In 1862, war comes knocking at the door of the community of Water's Ford, Pa., and as Union supporters, the local men rally to answer the call to enlist. As their men march off to their unknown fates, the women of Elm Creek Valley are determined to contribute their share to the war effort and use their sewing and quilting skills to craft quilts and other items so desperately needed by their menfolk.
In “The Union Quilters,” Jennifer Chiaverini's latest Elm Creek Quilts novel, the women left behind in times of war show their strength and compassion in a fascinating historical story that sheds a new light on the hardships faced at home during the arduous Civil War.

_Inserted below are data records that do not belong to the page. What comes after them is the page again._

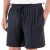 Men’s Cotton Lounge Shorts – SIZE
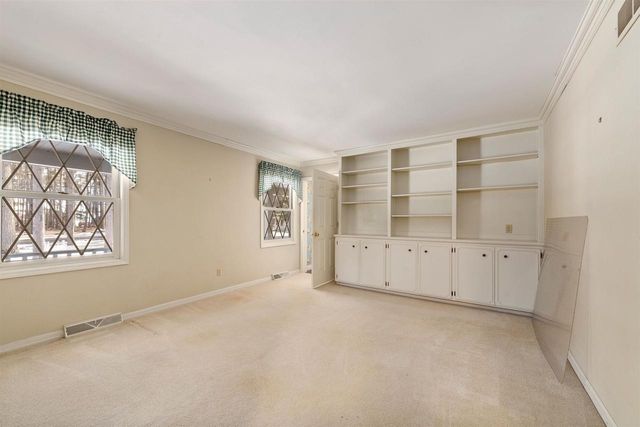 716 SUNSET DRIVE, Marinette, WI 54143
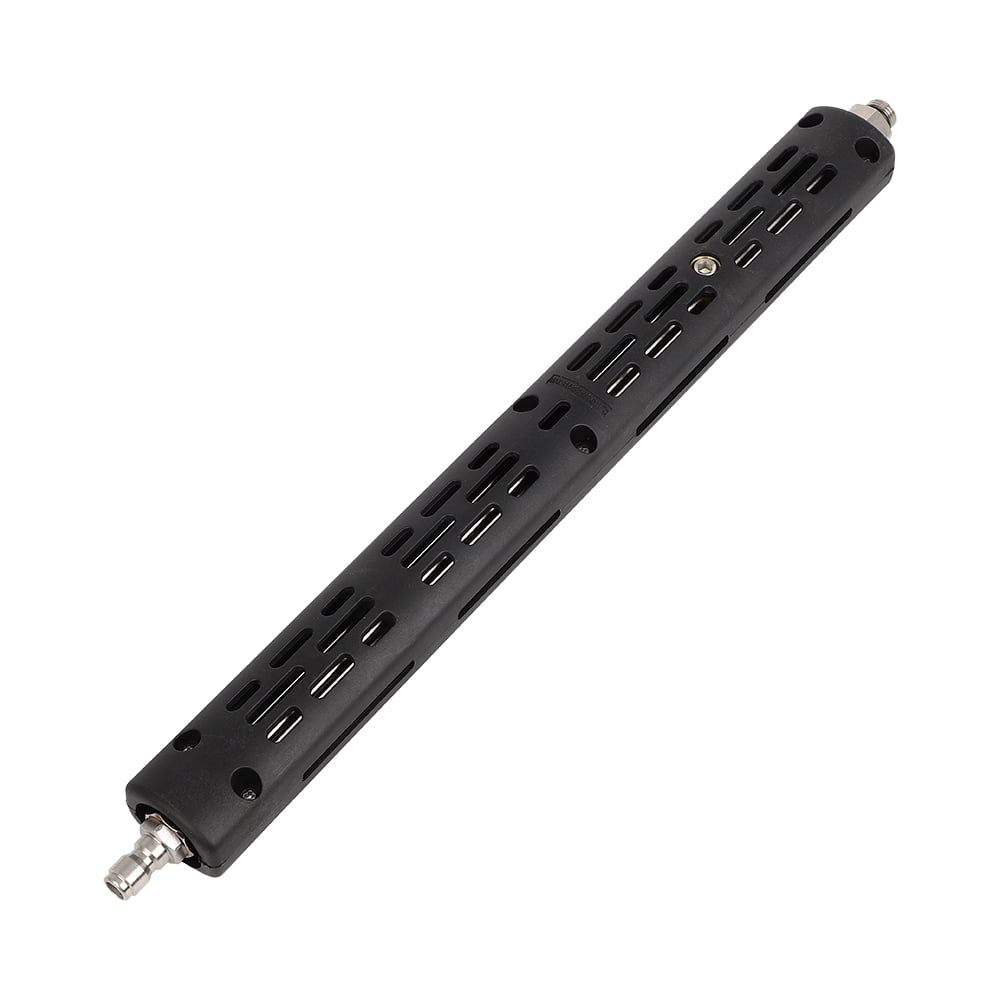 ECCPP 4000PSI 31 Pressure Washer Extension Wand, Replacement Spray Wand Lance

The ladies of Water's Ford each face widely varying yet common fears as the Civil War tearing their country apart rages on. Constance Wright's husband Abel is an accepted member of the community and a skilled rifleman, but is turned away from enlisting simply because he is black. Dorothea's pregnant sister-in-law Charlotte Granger is worried about her husband, Dr. [Jonathan] Granger, who sends comforting, regular updates on the men from home to his wife, but also sends more detailed letters to his former love, Gerda Berstrom, causing ill-will and strife among the two women.
Anneke Bergstrom must face whispers from the town since her husband refused to enlist, preferring to stay out of the fray, and Dorothea Granger Nelson worries about her educated schoolmaster husband Thomas who carried her Dove in the Window quilt into battle with him, not realizing that she was pregnant with their second child.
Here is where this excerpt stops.